Dewi Nova[2]
Tulisan serial pertamaku adalah catatan harian yang kusembunyikan diantara buku pelajaran, waktu kelas 4 sekolah dasar. Kusebut serial, karena catatan harian itu terus kutulis hingga sekolah menengah. Catatan itu berisi kekecewaanku pada kawan sebaya laki-laki yang datang ke rumah dalam keadaan mabuk untuk menyatakan cinta. Sejak itu aku merasa menulis cara terampuh untuk mengatasi perasaan. Termasuk perasaanku yang tidak sependapat dengan bibi yang mengajarkan untuk bersikap sopan dan sabar menolak perasaan cinta pada laki-laki. Sementara menurutku apa yang dilakukan kawan laki-laki itu sungguh sulit diterima. Itu juga pertama kali aku menyadari betapa ajaran-ajaran bagaimana menjadi perempuan tidak selalu membuat batinku nyaman dan masuk di akal. “Mengapa lebih banyak aku yang harus memahami kawan laki-lakiku ketimbang kawan laki-laki yang harusnya juga memahami perasaanku?” Melalui catatan harian itu, aku juga tetap bisa menyimpan pikiran asli (dari sudut pandangku) terhadap peristiwa itu, tanpa turut campur saran-saran bibi, yang menurutku lebih memberi pemakluman atau pemaafan pada kawanku itu.

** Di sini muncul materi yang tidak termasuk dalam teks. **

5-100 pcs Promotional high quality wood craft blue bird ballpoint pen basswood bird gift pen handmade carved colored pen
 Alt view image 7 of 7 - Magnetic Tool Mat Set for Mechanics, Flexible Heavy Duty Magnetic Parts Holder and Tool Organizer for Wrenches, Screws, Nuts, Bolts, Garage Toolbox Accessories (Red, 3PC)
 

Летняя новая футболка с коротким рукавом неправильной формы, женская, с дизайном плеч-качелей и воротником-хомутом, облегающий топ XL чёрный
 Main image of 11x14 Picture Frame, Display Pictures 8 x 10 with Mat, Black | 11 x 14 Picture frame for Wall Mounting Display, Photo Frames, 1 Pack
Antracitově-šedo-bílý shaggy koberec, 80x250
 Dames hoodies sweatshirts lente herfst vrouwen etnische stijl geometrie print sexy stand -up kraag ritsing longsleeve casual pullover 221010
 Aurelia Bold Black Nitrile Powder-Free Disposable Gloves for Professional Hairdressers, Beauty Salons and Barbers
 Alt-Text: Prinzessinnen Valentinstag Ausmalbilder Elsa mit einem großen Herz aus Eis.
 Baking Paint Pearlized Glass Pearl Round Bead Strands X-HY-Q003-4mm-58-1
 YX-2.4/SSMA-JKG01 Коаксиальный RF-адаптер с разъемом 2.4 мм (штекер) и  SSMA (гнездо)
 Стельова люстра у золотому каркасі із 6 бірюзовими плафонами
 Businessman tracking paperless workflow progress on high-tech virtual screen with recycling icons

Waktu itu, tak terpikir olehku, bahwa apa yang kuhadapi saat itu akan terus kujalani dalam kehidupan selanjutnya, sebagai perempuan dewasa.
Aku tidak tahu, bila aku terlahir sebagai laki-laki, akankah aku berangkat menuju dunia kepenulisan dari peristiwa seperti itu. Dari pengalaman itu sedikitnya menulis memberi dua manfaat: Pemulihan perasaan dan mendokumentasikan pikiran/pendapat/cara pandang asli yang bersumber dari keutuhan aku. Ditambah dengan keberanian untuk menegosiasikan pikiran, maka selanjutnya aku belajar bagaimana membiarkan orang lain membaca tulisanku. Membuka ruang dialog untuk menyampaikan gagasan yang berangkat dari pengalaman batin dan tubuh perempuan (diri). ‘Membaca’ lalu mengungkap soal perkosaan, buruh migran, petani, buruh kebun teh, kombatan, eros sesama puan dari batin puan. Lalu meraciknya dengan imajinasi yang sekaligus doa atau mantra seperti yang kutulis di kumpulan cerita “Perempuan Kopi” dan puisi “Burung Burung Bersayap Air.”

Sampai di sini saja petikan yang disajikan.